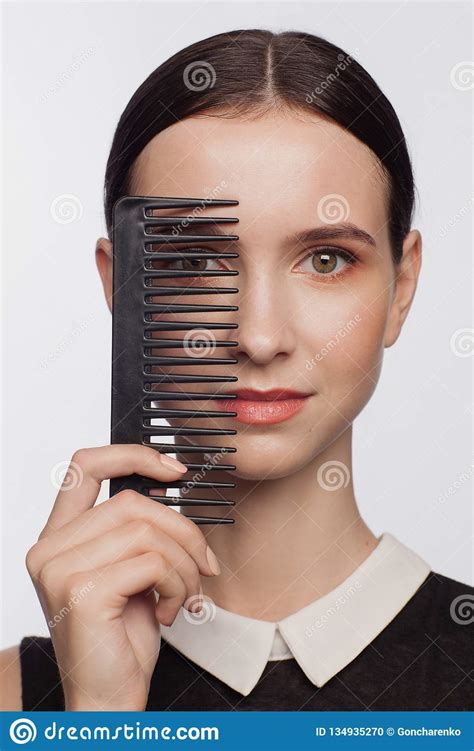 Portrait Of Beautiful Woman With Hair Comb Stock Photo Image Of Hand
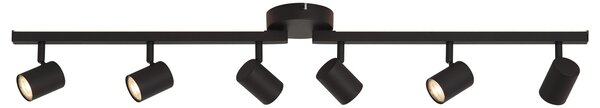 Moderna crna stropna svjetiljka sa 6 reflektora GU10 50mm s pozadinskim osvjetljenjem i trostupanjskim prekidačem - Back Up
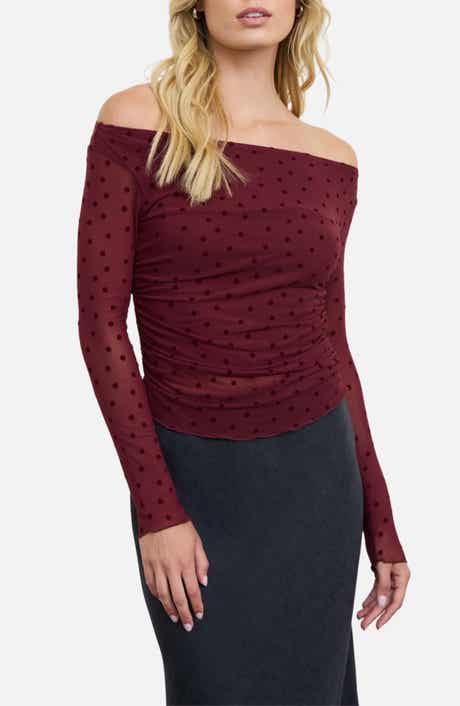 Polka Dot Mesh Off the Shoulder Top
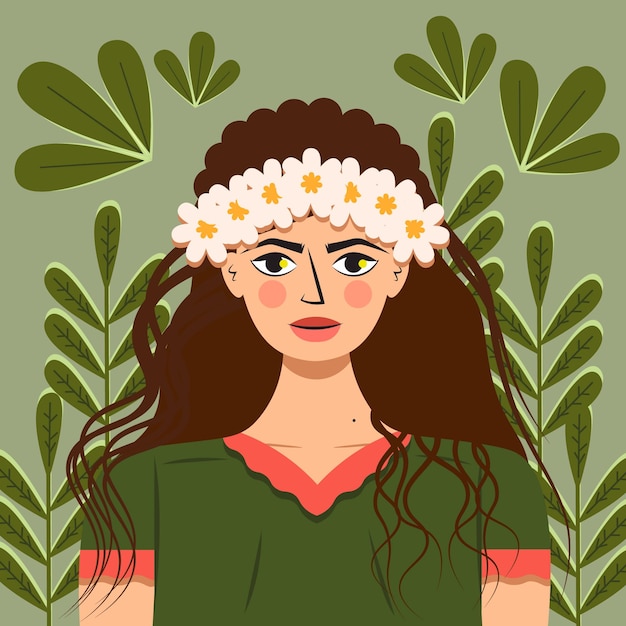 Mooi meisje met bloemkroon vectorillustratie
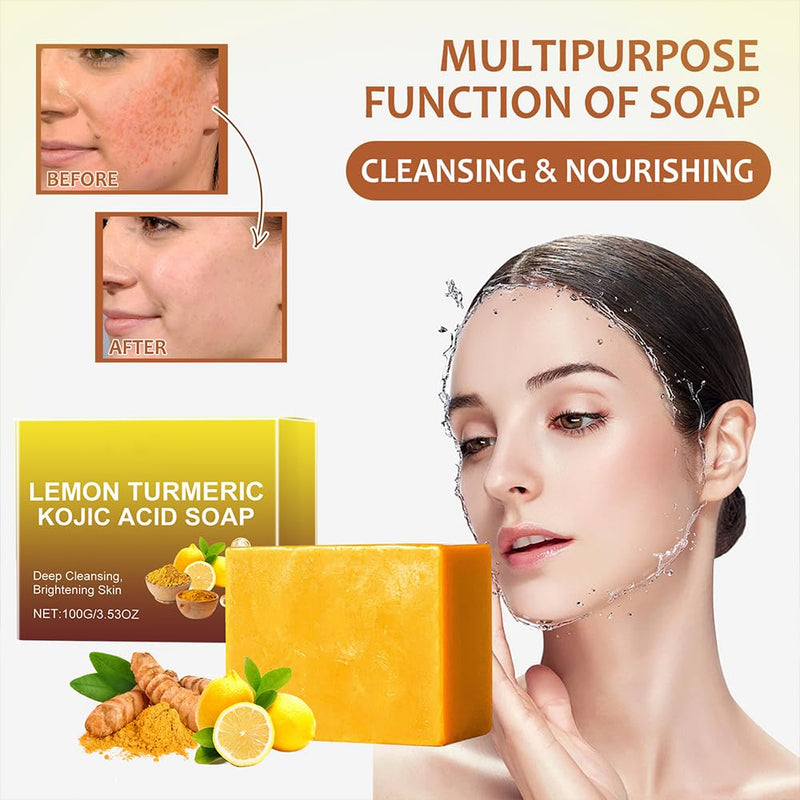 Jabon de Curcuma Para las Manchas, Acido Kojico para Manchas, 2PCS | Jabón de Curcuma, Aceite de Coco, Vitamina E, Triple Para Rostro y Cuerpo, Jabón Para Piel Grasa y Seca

# PROBLEM TO SOLVE
Take the line that contains "Mooi meisje met bloemkroon vectorillustratie" and every line after it up to the end of the records above, and restate them exactly, without the pictures.

# COMPLETED TASK
 Mooi meisje met bloemkroon vectorillustratie
 Jabon de Curcuma Para las Manchas, Acido Kojico para Manchas, 2PCS | Jabón de Curcuma, Aceite de Coco, Vitamina E, Triple Para Rostro y Cuerpo, Jabón Para Piel Grasa y Seca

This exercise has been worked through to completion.